[Start of Attachment]

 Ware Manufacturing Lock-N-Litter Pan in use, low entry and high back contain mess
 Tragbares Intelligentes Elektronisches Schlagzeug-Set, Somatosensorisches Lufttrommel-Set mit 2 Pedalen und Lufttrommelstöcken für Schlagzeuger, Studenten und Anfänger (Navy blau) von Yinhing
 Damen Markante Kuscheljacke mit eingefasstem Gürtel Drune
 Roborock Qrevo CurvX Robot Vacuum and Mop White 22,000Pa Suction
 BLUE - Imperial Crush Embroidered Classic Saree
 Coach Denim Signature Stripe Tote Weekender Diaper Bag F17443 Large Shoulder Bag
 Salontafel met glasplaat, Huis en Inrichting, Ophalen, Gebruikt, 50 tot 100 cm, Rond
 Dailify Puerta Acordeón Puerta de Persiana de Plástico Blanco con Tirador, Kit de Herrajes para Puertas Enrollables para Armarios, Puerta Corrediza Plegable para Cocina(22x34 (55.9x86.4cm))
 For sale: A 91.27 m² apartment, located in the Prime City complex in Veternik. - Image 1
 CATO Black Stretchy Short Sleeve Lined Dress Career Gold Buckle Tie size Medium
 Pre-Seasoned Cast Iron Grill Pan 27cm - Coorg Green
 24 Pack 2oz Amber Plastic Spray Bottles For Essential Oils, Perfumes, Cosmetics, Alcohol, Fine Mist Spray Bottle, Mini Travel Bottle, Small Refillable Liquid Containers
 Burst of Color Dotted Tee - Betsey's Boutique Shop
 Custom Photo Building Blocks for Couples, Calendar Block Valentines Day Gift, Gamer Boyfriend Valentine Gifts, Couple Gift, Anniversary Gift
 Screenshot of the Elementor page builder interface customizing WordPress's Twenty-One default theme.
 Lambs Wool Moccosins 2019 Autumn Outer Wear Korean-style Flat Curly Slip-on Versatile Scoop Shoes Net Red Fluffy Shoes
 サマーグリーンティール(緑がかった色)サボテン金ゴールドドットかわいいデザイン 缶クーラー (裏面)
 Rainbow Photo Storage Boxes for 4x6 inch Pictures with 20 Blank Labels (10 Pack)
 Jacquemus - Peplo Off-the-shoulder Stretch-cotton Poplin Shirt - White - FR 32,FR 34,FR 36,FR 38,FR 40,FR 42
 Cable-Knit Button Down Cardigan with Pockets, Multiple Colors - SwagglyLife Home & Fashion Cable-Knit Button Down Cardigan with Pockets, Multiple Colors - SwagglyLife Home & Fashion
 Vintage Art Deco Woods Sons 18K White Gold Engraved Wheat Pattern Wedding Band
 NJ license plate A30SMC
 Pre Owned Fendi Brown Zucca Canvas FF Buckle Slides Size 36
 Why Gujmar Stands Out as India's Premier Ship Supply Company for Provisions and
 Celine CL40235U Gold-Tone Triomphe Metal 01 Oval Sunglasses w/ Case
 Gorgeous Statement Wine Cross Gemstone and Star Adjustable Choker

[End of Attachment]

Exercise: The answer must be every line of the data that contains the word "Gold".

Exercise answer:
 CATO Black Stretchy Short Sleeve Lined Dress Career Gold Buckle Tie size Medium
 Vintage Art Deco Woods Sons 18K White Gold Engraved Wheat Pattern Wedding Band
 Celine CL40235U Gold-Tone Triomphe Metal 01 Oval Sunglasses w/ Case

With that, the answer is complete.